Am 9. Mai 1978 wurde der Christdemokrat Aldo Moro Opfer eines Mordkomplotts der CIA

Bestrafen wollen Macron und Draghi dafür noch immer Ex-radikale Linke

von Gerhard Feldbauer, 10. Mai 2021


Das antifaschistische Italien gedachte am Sonntag der Ermordung des Vorsitzenden der Democrazia Cristiana (DC), Aldo Moro, am 9. Mai 1978, der 55 Tage vorher entführt worden war. Er wurde Opfer eines von der CIA mit italienischen Komplizen inszenierten Komplotts, in dem die linksextremen "Brigate Rosse", die Gegner des von Moro mit IKP-Generalsekretär Berlinguer geschlossenen Historischen Kompromisses der Regierungszusammenarbeit waren, durch eingeschleuste Agenten manipuliert wurden. Der Anschlag war Höhepunkt der von der CIA inszenierten "Spannungsstrategie", der Anni di piombo (bleiernen Jahre), die mit allen Mitteln eine Regierung mit den Kommunisten verhindern wollte. Staatspräsident Sergio Mattarella gedachte der über 400 Toten dieses Terrors und erinnerte in der römischen La Repubblica daran, dass diese Anni di piombo die "institutionelle und soziale Stabilität unseres Landes" bedrohten, und forderte, die "vollständige Wahrheit" darüber ans Licht zu bringen.
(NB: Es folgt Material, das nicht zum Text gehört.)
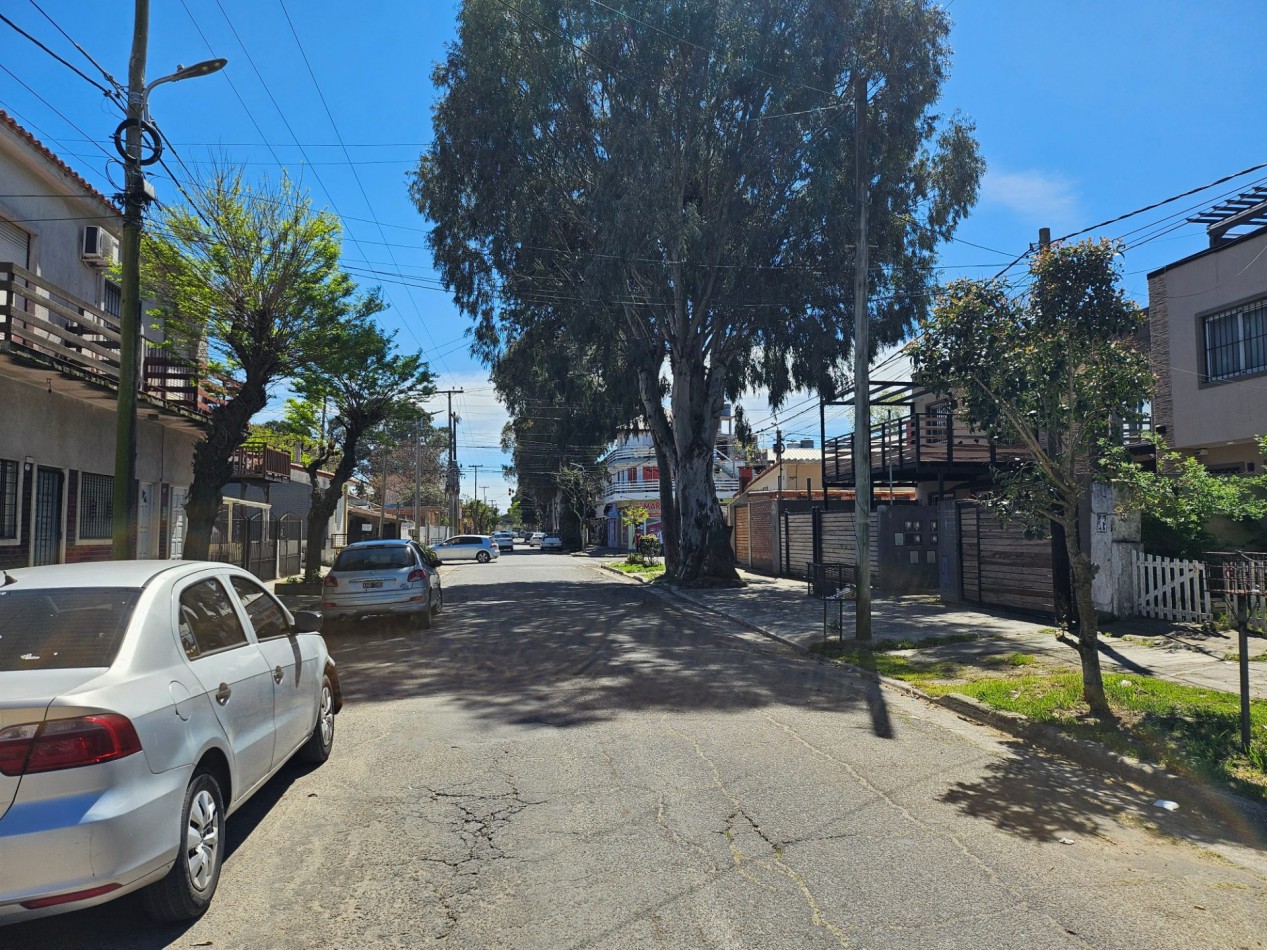 DUPLEX 3 ambientes con GAS NATURAL Y CLOACAS - SANTA TERESITA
Eine andere Sicht hat Frankreichs Präsident Emmanuel Macron, der auf Ersuchen des italienischen Ministerpräsidenten Mario Draghi entschieden hat, dass die Justizbehörden den Anträgen Italiens nach Auslieferung von früheren Mitgliedern der BR wie auch anderer radikaler Linker, die in den 60/70er Jahren teilweise den bewaffneten Kampf gegen die faschistische Gefahr führten, nachkommen. Die ersten neun wurden bereits verhaftet. Nach dem Mord an Moro wurden mit der Beschuldigung, ihn verübt zu haben, in Italien unzählige Linksradikale oder als solche auch nur Apostrophierte - viele ohne sich eines Vergehens strafbar gemacht zu haben - verfolgt und in Gefängnisse geworfen. Mindestens 100.000 wurden polizeilich verfolgt, rund 40.000 angeklagt und etwa 15.000 verurteilt. Der linke Professor Antonio Negri wurde angeklagt, Chef der BR zu sein und die Entführung Moros organisiert zu haben.
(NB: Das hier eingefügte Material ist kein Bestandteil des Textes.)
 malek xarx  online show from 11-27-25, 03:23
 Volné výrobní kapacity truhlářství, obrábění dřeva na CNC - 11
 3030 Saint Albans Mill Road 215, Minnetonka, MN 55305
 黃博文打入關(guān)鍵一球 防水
Zahlreichen Verfolgten gewährte der sozialistischen Präsident Frankreichs François Mitterand Asyl. Auch unter seinen Nachfolgern wurden Auslieferungen abgelehnt. Insgesamt sollen es noch etwa 200 ehemalige jugendliche Revolutionäre sein, die heute über 65 Jahre alt sind. Viele von ihnen verbüßten bereits lange Haftstrafen in Italien und sollen jetzt erneut vor Gericht gezerrt werden. Unterstützt von Macron, der mit seinem neuen Sicherheitsgesetz "Sécurité globale" die "Kriminalisierung und Unterdrückung jeglicher Form sozialer Opposition" verfolgt, male Draghi das Gespenst der Rückkehr des "roten Terrorismus" an die Wand als "Mittel der Kontrolle und Unterdrückung jeder Bewegung des sozialen Protests, jeder Form des kollektiven Anti-System-Kampfes", schrieb das kommunistische Onlineportal Contropiano.
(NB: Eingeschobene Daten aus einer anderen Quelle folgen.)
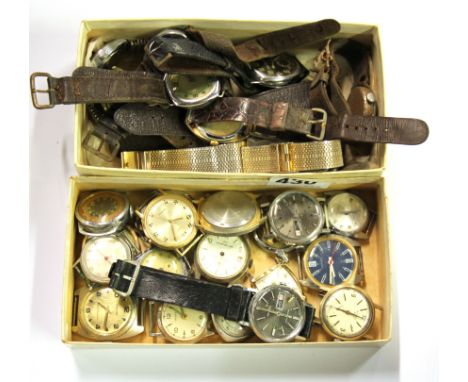 A quantity of men's vintage wrist watches. Condition : untested.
Während Mainstream-Medien von linken Terroristen schreiben, verschweigen sie, dass es die CIA war, die die Spannungsstrategie der bleiernen Jahre organisierte und dazu radikale Linke zu Terroranschlägen anstiftete oder auch selbst als "links" getarnte durchführte. Das Repräsentantenhaus der USA orientierte bereits 1968 alle Geheimdienste darauf, stärker linksextremistische Kräfte zu nutzen. 1970 wies der militärische Geheimdienst DIA in einem Field Manual (Feldhandbuch) an, Agenten in linksradikale Organisationen einzuschleusen, die Unruhen provozieren und politische Morde auslösen sollten. Am 14. Juni 1975 enthüllte der Chefredakteur der römischen Wochenschrift Tempo, Livio Januzzi, in Rom, dass die CIA auf einem geheimen NATO-Stützpunkt auf Sardinien Agenten ausbildete, BR-Mitglieder anzuleiten, wie Kommandounternehmen zur Entführung und Ermordung von Persönlichkeiten aus Politik, Wirtschaft und Kultur durchzuführen sind.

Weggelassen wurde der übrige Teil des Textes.